The Gauteng High Court was ready to hear former President Jacob Zuma’s leave to appeal legal costs, but there was no sign of his legal team. Picture: Reuters/Siphiwe Sibeko

Pretoria - A bizarre scene played out in court on Friday as a full bench - three judges - including Deputy Judge President Aubrey Ledwaba - was set to hear former President Jacob Zuma’s leave to appeal against the December order that he had to pay back the “illegally used” taxpayers money to defend his corruption trial.

The Gauteng High Court, Pretoria, was ready to hear Zuma’s application, but only Advocate Sean Rosenberg SC, representing the DA was present. Another advocate said she was there as a watching brief for the presidency, who did not oppose the application and who indicated it would abide by the court’s ruling.

But there was no sign of Zuma’s legal team. 

Judge Ledwaba had allocated Friday as a special date for the hearing. His office, in an email, conveyed the date via email to Zuma’s legal team.

But while there was no sign of his team in court, by coincidence, Advocate Mike Hellens SC, Zuma’s new advocate in his corruption trial, was seated in the front row alongside Rosenberg. He told the court he was there on an unrelated commercial matter. 

Rosenberg, meanwhile, told the court that there was no appearance on behalf of Zuma, who launched the leave to appeal proceedings. The judges turned to Hellens, who also appeared to be confused about the situation.

He said he was not the counsel in this application and although he could make some calls to establish what was going on, it would not be appropriate as he was not involved in this aspect of the matter.

Hellens explained that he was there for an unrelated commercial matter, which was due to proceed after the Zuma application.

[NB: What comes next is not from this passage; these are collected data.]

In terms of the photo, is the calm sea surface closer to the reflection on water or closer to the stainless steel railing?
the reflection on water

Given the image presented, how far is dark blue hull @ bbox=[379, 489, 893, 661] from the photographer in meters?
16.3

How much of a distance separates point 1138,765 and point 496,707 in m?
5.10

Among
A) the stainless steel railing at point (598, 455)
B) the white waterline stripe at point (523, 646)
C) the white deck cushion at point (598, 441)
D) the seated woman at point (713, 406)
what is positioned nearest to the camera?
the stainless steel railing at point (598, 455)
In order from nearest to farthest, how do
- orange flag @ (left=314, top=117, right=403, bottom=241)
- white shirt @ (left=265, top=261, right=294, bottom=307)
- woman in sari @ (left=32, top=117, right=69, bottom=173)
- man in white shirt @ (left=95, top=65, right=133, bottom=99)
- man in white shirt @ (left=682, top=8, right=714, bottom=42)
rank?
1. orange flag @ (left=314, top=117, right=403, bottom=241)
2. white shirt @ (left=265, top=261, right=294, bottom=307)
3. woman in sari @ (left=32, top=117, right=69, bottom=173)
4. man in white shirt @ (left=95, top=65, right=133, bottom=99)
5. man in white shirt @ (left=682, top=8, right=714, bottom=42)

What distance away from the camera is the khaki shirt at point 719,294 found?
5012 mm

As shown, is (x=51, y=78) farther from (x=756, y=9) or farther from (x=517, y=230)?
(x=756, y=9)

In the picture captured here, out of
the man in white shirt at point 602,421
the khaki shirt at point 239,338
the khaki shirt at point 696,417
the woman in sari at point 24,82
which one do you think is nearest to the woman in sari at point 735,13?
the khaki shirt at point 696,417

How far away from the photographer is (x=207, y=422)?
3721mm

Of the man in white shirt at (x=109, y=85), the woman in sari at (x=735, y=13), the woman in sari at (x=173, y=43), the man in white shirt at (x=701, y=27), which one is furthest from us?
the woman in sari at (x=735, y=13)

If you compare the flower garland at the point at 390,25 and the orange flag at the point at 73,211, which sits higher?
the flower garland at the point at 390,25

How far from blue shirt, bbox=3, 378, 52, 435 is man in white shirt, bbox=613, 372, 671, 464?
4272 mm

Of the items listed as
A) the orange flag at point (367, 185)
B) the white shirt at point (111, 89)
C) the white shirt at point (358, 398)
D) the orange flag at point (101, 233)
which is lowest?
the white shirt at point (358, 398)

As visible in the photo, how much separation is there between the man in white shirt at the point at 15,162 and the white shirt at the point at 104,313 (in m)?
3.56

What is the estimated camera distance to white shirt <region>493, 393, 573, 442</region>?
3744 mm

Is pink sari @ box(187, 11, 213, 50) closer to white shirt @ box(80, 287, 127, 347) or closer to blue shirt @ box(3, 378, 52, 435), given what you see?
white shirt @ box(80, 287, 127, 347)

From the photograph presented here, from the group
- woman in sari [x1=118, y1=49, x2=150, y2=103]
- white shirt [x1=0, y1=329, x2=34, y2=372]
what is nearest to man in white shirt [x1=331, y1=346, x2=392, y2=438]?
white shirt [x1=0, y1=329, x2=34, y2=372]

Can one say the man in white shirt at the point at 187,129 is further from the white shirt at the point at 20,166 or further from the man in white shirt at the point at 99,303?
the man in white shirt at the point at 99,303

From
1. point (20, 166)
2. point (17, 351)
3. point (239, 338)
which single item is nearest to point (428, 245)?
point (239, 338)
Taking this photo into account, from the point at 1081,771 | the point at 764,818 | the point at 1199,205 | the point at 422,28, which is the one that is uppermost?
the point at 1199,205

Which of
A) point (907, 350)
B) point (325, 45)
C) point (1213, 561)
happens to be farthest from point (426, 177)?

Rosenberg also appeared in the dark and said he did receive the message from Judge Ledwaba’s office that the case was due to be heard that day. He said he even confirmed the date with all the parties.

Counsel for the presidency said when she spoke to Zuma’s lawyer, he had no idea the case was in court.

Judge Ledwaba adjourned the proceedings for a few minutes to establish what the problem was. When he came back he cleared up the confusion: It emerged that his office mistyped one letter in the email to the Zuma team and that they never received the notification.

Judge Ledwaba said the sensible thing was to remove the matter from the roll and to find another date when it could be heard.

Zuma meanwhile set out more than 20 reasons as to why he felt the full bench erred in its judgment against him. 

He said the order that he should foot his own legal bills violated his right to equality before the law. He wanted the state attorney’s office to prepare a list of beneficiaries of its services in which legal costs were paid in civil and criminal trials on behalf of state officials.

He said he was justified to oppose the order and he believed another court would come to a different finding.